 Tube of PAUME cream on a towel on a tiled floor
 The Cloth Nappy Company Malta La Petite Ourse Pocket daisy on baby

* * *

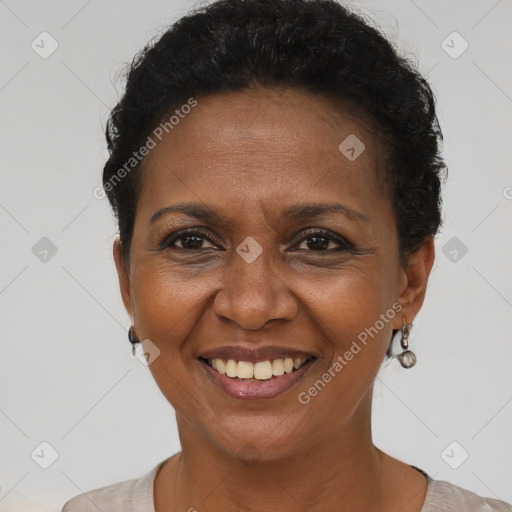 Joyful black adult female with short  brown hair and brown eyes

### TASK GOAL
From the records above, retype only the lines starting at the line that contains "Tube of PAUME" and ending at the line that contains "The Cloth Nappy", both included.

### ANSWER FOR THE TASK
 Tube of PAUME cream on a towel on a tiled floor
 The Cloth Nappy Company Malta La Petite Ourse Pocket daisy on baby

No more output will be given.